Images don't belong in the copy. Output the rest of the data exactly.

[Opening THE DATA section]

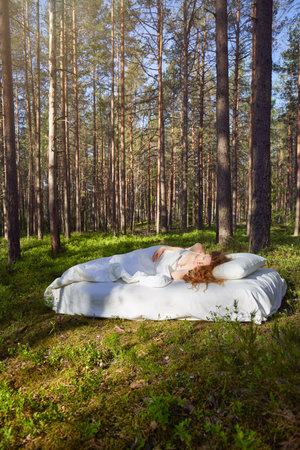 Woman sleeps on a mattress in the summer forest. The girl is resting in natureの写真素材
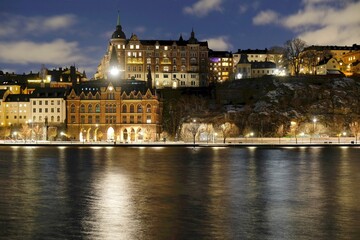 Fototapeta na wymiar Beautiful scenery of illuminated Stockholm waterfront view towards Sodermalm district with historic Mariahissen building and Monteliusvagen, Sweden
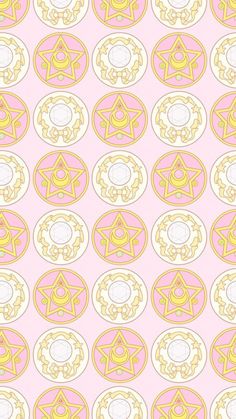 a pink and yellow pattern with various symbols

[Closing THE DATA section]

- _YOUR SOLUTION_
 Woman sleeps on a mattress in the summer forest. The girl is resting in natureの写真素材
 Fototapeta na wymiar Beautiful scenery of illuminated Stockholm waterfront view towards Sodermalm district with historic Mariahissen building and Monteliusvagen, Sweden
 a pink and yellow pattern with various symbols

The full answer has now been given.